Der behandelte Gegenstand ist klar: Hans Blumenberg, Philosoph, physisch anwesend in dieser Welt von 1920 bis 1996, Lordsiegelbewahrer der Metapherntheorie und wohl von deutschen Geisteswissenschaftlern meistzitierter Geisteswissenschaftler. Gegen Ende seiner Karriere wurde er sogar Liebling der Diskurstheorie, ohne dass er selbst je deren Begrifflichkeiten verwendet hätte.

Sibylle Lewitscharoffs neuer Roman nun macht aus dem ehemals lebendigen Subjekt Hans Blumenberg, der ja bereits im Sinne der akademischen Heldenverehrung eine Art Figur war, final und literarisch eine solche. Diese Blumenbergfigur erhält eines Abends im Jahre 1982 in der dachstüblichen Arbeitsklause seines Münsteraner Hauses Besuch von einem Löwen, der plötzlich auf seinem Teppich liegt, ruhig, einfach anwesend.

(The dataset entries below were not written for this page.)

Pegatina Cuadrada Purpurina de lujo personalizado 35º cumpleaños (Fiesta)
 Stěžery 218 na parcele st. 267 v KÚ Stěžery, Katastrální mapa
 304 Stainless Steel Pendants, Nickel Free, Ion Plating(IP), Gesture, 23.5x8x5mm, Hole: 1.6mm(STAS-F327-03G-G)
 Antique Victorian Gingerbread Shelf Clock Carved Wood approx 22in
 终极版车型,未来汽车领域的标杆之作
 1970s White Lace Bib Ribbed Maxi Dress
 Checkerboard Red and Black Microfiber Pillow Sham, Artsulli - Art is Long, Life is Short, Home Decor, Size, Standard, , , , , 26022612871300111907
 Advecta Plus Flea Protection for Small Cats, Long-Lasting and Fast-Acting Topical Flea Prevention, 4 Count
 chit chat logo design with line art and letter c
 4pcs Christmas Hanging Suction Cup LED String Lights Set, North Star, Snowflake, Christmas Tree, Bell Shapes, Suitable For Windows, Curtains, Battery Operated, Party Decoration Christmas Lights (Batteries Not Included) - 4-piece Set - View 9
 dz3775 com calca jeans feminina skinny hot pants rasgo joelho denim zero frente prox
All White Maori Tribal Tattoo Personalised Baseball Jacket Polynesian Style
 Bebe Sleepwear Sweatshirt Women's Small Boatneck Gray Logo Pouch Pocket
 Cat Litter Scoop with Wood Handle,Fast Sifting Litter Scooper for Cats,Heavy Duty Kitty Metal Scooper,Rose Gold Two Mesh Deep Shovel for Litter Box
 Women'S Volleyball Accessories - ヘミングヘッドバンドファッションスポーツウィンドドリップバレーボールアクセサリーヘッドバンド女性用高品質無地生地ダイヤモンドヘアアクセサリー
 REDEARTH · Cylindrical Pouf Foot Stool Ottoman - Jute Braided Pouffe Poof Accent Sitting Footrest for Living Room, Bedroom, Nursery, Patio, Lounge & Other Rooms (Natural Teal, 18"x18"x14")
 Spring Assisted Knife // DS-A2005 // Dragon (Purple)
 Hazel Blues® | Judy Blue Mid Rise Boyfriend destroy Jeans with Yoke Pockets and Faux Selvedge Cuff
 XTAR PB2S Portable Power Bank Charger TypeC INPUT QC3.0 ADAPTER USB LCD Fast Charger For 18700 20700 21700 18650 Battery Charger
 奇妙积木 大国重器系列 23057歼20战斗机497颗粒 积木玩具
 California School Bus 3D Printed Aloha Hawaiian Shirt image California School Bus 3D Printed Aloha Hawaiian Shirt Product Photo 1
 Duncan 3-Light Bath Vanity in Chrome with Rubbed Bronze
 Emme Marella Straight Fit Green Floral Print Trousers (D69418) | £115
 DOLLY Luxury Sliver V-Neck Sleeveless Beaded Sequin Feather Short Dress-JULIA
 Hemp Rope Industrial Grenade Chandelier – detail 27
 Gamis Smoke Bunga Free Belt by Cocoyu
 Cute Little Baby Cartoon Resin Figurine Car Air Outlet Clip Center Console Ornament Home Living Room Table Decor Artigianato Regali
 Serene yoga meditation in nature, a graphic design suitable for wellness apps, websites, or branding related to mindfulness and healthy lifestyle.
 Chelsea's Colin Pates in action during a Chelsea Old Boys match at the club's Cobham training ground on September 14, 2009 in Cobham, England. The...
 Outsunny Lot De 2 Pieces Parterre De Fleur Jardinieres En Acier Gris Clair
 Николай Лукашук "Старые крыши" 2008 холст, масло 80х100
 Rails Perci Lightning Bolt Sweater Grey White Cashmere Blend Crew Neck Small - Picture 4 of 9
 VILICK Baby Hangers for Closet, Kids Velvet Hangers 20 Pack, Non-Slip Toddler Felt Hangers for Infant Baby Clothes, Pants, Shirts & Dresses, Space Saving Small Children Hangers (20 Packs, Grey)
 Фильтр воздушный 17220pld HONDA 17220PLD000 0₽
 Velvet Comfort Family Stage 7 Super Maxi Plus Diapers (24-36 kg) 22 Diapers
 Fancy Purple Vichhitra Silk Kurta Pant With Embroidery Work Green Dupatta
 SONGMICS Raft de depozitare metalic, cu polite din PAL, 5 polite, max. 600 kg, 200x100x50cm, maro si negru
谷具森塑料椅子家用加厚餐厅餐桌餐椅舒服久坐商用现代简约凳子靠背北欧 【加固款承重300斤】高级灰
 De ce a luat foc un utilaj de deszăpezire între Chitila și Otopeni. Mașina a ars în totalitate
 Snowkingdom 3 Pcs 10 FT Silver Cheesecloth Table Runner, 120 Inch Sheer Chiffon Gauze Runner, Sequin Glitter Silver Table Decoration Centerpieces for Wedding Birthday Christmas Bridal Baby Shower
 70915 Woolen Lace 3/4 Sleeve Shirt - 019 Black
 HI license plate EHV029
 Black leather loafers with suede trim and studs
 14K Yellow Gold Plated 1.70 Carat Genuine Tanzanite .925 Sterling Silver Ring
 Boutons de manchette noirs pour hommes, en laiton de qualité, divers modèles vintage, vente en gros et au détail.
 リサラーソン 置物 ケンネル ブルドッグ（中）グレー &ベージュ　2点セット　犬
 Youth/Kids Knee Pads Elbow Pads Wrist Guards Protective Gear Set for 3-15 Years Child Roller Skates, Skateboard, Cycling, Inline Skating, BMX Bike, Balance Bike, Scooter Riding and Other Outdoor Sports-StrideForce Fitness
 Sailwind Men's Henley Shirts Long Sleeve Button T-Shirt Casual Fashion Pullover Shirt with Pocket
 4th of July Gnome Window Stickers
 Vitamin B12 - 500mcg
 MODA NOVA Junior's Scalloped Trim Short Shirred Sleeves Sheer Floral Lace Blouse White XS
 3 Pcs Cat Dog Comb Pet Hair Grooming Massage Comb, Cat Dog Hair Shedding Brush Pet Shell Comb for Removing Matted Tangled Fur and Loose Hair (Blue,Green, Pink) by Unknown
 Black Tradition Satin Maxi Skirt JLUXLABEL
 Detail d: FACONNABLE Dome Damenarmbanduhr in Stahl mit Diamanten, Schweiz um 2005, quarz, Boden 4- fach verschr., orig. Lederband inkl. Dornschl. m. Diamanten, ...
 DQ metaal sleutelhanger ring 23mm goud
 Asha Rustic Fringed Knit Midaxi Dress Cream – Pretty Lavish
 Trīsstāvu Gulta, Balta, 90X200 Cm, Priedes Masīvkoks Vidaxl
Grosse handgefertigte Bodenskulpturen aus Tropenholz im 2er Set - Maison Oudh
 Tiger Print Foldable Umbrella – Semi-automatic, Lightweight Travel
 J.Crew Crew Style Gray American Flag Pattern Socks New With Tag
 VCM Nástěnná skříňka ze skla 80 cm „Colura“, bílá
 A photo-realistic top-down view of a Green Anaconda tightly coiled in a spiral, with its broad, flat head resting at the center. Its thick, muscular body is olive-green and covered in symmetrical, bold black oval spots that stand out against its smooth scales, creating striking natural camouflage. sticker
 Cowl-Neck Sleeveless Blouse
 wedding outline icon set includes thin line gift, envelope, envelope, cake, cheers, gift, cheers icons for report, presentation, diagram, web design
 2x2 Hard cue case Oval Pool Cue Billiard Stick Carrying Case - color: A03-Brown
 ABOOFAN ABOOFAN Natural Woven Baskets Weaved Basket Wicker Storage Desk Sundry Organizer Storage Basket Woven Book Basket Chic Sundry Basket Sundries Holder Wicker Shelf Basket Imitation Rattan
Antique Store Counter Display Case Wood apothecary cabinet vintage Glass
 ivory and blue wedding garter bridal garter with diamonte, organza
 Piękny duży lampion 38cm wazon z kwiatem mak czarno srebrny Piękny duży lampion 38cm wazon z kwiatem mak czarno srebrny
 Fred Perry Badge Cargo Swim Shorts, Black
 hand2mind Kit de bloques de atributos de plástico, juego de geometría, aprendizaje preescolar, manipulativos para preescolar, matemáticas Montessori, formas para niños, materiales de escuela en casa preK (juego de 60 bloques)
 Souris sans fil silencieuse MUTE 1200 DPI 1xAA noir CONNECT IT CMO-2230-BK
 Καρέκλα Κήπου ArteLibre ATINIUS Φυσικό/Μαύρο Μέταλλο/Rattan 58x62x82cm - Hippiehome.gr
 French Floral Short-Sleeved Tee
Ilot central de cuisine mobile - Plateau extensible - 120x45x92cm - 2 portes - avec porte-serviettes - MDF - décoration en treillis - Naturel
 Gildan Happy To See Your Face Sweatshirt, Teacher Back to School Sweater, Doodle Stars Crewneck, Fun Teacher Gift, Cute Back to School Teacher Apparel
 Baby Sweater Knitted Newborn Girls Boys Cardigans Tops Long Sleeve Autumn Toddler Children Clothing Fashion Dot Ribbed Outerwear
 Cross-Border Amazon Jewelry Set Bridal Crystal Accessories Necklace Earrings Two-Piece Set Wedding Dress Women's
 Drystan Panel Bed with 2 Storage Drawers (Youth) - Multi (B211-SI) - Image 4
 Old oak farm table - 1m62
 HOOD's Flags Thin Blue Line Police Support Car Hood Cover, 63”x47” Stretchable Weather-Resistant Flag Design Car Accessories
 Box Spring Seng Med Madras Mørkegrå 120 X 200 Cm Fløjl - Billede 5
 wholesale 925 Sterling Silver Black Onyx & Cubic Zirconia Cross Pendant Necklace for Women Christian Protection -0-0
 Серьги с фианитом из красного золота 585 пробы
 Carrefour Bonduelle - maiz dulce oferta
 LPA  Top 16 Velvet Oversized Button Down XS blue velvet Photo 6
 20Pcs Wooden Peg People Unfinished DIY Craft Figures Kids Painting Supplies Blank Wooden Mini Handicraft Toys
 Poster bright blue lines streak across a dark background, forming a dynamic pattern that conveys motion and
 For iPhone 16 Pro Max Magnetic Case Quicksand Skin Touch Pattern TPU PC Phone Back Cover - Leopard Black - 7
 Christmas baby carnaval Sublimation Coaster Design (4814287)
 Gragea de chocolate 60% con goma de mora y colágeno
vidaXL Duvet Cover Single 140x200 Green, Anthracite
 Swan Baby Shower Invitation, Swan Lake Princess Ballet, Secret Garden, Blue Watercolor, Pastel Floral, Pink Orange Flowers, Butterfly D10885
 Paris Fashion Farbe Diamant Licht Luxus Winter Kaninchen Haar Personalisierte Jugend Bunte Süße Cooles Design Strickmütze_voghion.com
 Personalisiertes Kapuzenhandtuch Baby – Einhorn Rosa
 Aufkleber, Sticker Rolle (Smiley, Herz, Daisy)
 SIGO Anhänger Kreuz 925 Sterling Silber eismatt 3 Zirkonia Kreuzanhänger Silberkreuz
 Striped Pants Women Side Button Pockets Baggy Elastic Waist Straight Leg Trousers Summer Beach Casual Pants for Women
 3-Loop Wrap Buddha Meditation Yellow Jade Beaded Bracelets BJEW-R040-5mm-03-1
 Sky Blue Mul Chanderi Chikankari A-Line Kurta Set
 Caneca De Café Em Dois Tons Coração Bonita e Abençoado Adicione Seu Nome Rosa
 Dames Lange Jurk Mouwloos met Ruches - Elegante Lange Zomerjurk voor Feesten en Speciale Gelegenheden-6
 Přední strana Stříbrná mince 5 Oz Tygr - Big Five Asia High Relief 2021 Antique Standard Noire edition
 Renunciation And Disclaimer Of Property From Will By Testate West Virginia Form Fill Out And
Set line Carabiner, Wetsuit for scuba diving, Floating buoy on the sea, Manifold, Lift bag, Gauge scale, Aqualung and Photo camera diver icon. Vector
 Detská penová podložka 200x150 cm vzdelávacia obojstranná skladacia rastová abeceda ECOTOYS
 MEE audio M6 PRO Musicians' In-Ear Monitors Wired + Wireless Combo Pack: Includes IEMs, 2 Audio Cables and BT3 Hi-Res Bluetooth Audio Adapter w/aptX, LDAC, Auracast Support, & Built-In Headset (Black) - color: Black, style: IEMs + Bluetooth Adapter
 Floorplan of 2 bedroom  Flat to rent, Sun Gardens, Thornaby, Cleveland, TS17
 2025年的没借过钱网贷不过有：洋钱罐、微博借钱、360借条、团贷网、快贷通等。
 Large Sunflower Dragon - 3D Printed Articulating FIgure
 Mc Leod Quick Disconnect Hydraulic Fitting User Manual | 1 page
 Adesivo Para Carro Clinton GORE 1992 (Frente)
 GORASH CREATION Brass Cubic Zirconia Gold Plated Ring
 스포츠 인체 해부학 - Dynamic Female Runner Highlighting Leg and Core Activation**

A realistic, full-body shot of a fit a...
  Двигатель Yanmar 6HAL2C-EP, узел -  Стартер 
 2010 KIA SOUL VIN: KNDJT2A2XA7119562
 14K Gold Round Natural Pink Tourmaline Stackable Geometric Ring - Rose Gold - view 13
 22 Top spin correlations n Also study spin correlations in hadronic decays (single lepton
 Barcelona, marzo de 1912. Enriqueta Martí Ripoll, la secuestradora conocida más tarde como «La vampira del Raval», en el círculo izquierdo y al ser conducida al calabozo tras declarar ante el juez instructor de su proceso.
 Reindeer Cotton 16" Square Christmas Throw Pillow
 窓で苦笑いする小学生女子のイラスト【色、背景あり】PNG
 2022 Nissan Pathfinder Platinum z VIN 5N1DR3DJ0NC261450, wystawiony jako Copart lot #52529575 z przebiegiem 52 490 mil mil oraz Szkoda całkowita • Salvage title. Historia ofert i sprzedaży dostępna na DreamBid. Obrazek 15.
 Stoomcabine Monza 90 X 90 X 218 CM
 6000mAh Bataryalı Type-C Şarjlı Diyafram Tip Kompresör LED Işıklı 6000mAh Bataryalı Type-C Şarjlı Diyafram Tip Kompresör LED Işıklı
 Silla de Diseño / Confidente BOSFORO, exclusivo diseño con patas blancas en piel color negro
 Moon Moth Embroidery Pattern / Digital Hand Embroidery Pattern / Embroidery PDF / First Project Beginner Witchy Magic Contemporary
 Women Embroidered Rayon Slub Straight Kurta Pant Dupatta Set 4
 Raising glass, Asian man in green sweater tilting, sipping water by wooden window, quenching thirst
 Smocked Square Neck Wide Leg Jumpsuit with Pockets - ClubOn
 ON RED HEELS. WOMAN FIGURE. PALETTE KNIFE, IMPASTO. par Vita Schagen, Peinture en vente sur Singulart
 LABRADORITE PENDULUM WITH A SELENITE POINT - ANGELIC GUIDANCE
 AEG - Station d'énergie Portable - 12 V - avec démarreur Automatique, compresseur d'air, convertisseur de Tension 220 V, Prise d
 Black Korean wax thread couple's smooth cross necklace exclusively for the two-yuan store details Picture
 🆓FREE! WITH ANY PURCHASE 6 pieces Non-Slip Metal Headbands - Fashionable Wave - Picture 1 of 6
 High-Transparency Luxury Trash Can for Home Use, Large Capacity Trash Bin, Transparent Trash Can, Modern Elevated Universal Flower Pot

Hoppla. Das Heldenverehrungsregelwerk des Akademikers will sich gegen eine derartige Profanisierung geistiger Vorbilder verwehren und schreit auf. So etwas kann doch nicht funktionieren. Fiktiv-reale Philosophenfiguren imaginieren paradigmatische Tiermetaphern. Wo kommt man denn da hin? Man stelle sich Derrida vor, wie er von einem Pudel be(heimge-)sucht wird, oder Foucault, von einem, äh, sagen wir – Greif.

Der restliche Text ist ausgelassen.